Евтушенко: Ну да. Фаворит. Он же почти получил Ленинскую премию! «А теперь давайте, – говорит Хрущев, – сначала посидим, закусим чем-нибудь, а потом разговоримся».

Всё мирно было… пока сидели. А после этого начались разговоры, и вот тут Хрущев перешел на крик. Я сидел рядом с Фурцевой и Эриком Неизвестным. И Екатерина Алексеевна все время Эрика за колено держала: «Сиди-сиди, не нервничай». И началось! «Что это за безобразие! Посмотрите на эту стену и на ту стену! Что это такое! Уродство!» И зашелся… А я же, приехав с Кубы, рассказал Хрущеву историю о том, как при штурме казарм Монкады погиб один реалист и один абстракционист. И я сказал: «Стили и идеология – это совершенно разные вещи, Никита Сергеевич!» – я хотел всё миром закончить. «Никита Сергеевич, ну как же так можно, ну зачем же кричать „забирайте ваш паспорт!“, человек воевал все-таки…» Я знаю, что Эрик даже в штрафбате был.

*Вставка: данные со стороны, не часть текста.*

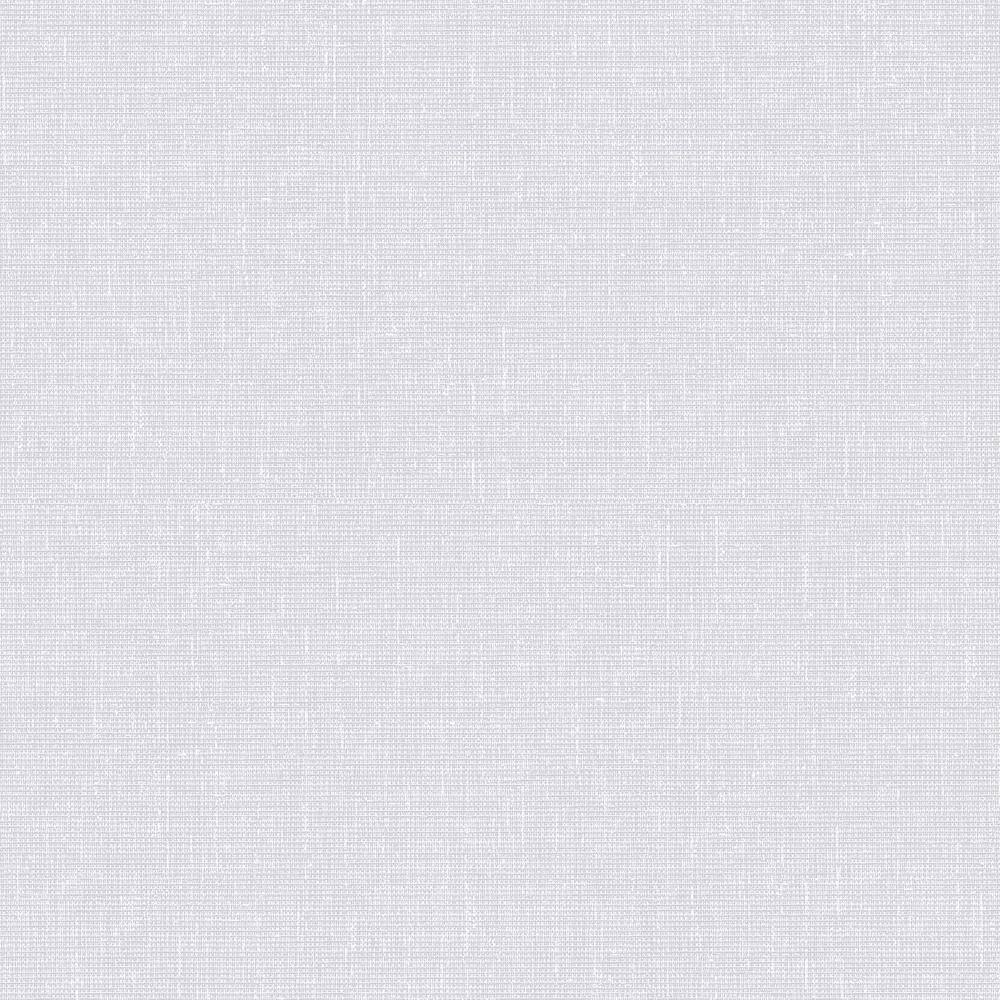 TexStyle Collection Silver Hex Texture Effect Metallic Finish Non-Pasted on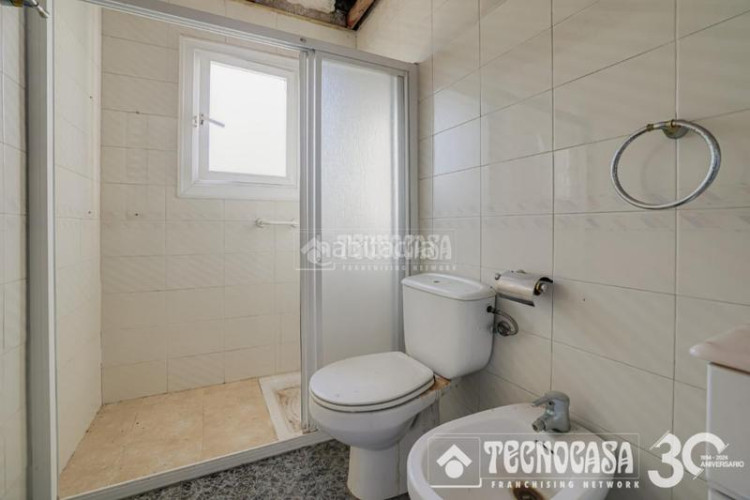 Casa pareada casa en venta en Zona Esportiva Terrassa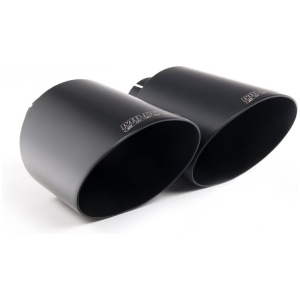 Catback Homologable Milltek Sport colas negro cerámico – Hyundai i30N 275cvs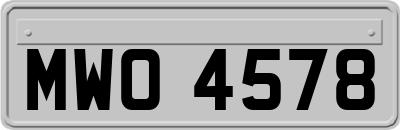 MWO4578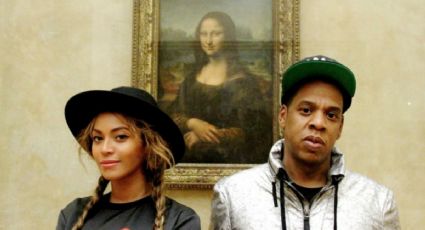 Museo del Louvre inaugura tour inspirado en Jay-Z y Beyoncé (VIDEO)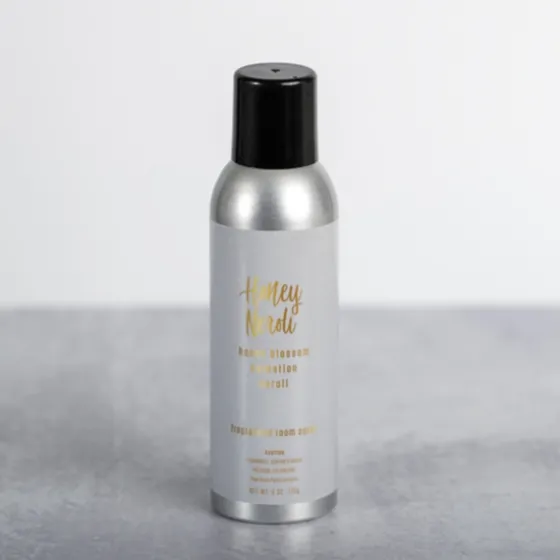 Honey Neroli Room Spray-Kirkland's Home Fashion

А Эрику-то не давали слова вообще! Я говорю: «Вот Пикассо, Никита Сергеевич, – я просто упрощал для него, – ведь он коммунист и член ЦК партии, а у него есть абстрактные работы». И в этот момент меня срезал Эренбург: «Ну Евгений Александрыч, ну какой же Пикассо абстракционист?! У него есть супрематические работы, кубистские, но звать его просто абстракционистом – ну что это…» Хрущев сразу: «Вот видишь, Илья Григорьевич из этих парижей не вылезает, уж он-то знает лучше нас с тобой!» Нехорошо это было со стороны Эренбурга.

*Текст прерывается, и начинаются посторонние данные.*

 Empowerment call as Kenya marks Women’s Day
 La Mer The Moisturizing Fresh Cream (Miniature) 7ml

Волков: Притом что и ему самому от Хрущева тогда досталось.

Евтушенко: Я был Эренбургу антипатичен, я ему никогда не нравился. Даже когда он защищал мой «Бабий Яр», его Слуцкий уговорил, он сказал, что против нападок, но не назвал ни моей фамилии, ни названия стихотворения даже. Я раздражал Эренбурга.

Волков: Эстетически?

Евтушенко: Стадионами! Стадионами!

Волков: Но ведь у него и была, считай, стадионная слава во время Отечественной войны!

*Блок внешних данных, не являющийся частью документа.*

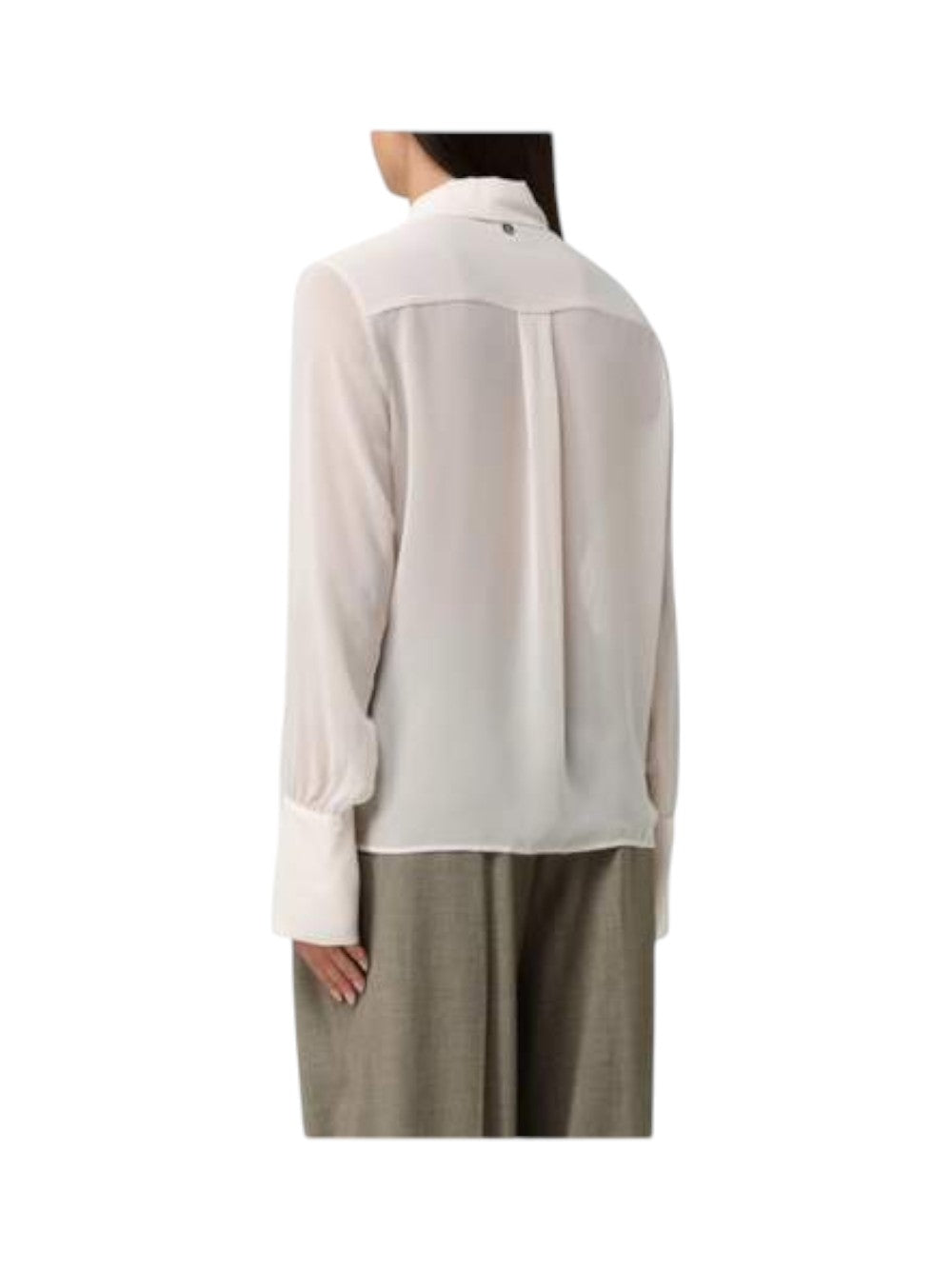 Liu Jo Camicia Donna  CF5302TS869 X0726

Евтушенко: Ая не ходил к нему на поклон! Хотя я его стихи любил всегда. Испанские стихи, и «Хулио Хуренито» всегда любил.

На этой встрече еще Сергей Владимирович Михалков очень усердствовал, лез со своим сыном Никитой: «Вот тут еще один Никита Сергеевич, я хочу Никиту Сергеевича вам представить, своего сына!» А потом первый стал кричать: «Вон!» И все тоже «вон!» начали кричать Неизвестному, когда Хрущев беситься стал. Я говорю: «Никита Сергеевич! Ну ей-богу! Если Эрнст в чем-то неправ, неужели нельзя договориться? Ведь человек воевал за нашу страну! Он защищал меня! И если он ошибается, он поймет, все-таки люди мы или нет?» А Хрущев кричит мне: «Горбатого могила исправит!» Я хотел стихи свои прочитать – но тут почувствовал по композиции, что это хорошая концовка, что нельзя читать уже стихи. И я сказал: «Нет, Никита Сергеевич, я надеюсь, что прошло то время, когда людей исправляли могилами. Раз и навсегда прошло!» И сел. И тут на меня уже стали все кричать, тот же самый Михалков подпрыгивал: «Вон его!» И вдруг – вот вам Хрущев! – произошла совершенно невероятная вещь. Он на них посмотрел, – это потом мне Эрик говорил, когда анализировал всё, – что Хрущев такой паханский жест сделал – мол, хватит! – как будто увидел, что эти подхалимы его когда-то сдадут. И вдруг обернулся ко мне и вот так три раза хлопнул. Этого было достаточно, чтобы Михалков ко мне немедленно полез обниматься: «Да Женечка, да я всегда верил в тебя, дорогой мой друг…»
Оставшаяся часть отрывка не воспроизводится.